Tomczyk vertritt Deutschland im World Council

Der ADAC-Sportpräsident sitzt als einziger Deutscher im World Council - jenem Gremium, das im Dezember die Vorschläge, die die Formel-1-Kommission am 28. Oktober beschließen wird, genehmigen muss.

Im ersten Teil des Sport1-Interviews spricht er über die Drohung Ferraris, seine Einschätzung der Durchsetzbarkeit der vorgeschlagenen Regeländerungen und die Frage, wie man einige neue Regularien überhaupt überprüfen will.

Im zweiten Teil des Sport1-InterviewsGlaube nicht an radikale Änderungen gibt er einen detaillierten Einblick in das Entscheidungs-Prozedere der Formel-1-Kommission und des World Councils.


Sport1: Bernie Ecclestone und Max Mosley haben mit ihren Vorschlägen eine kleine Revolution ins Rollen gebracht. Wie denken Sie persönlich über die Vorschläge der beiden?

Hermann Tomczyk: Es gibt eine gewisse Anzahl an Vorschlägen, die den Event Formel 1 wieder interessanter machen sollen. In meinen Augen sind gute Vorschläge dabei, aber auch schlechtere.

Sport1: Welche erachten Sie für sinnvoll?

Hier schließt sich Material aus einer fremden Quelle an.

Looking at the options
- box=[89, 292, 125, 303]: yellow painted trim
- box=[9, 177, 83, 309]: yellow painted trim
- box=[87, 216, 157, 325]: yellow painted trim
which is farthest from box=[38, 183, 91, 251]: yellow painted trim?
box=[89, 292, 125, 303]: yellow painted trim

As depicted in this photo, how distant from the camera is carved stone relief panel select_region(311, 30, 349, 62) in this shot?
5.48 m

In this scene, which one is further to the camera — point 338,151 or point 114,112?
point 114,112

Tomczyk: Zu den guten gehört meiner Meinung nach die Aufwertung des Freitag-Qualifyings. Das halte ich für einen positiven Ansatz, um den Freitag interessanter zu machen

Sport1: Bei welchen Vorschlägen haben Sie Bedenken?

Tomczyk: Im sportlichen Bereich gibt es Überlegungen, wie zum Beispiel den Fahrertausch, die meiner Meinung nach für die Formel 1 nicht die Lösung sind.

Sport1: Mit welchem Ergebnis rechnen Sie? Qualifying ja, Zusatzgewichte, Fahrertausch nein?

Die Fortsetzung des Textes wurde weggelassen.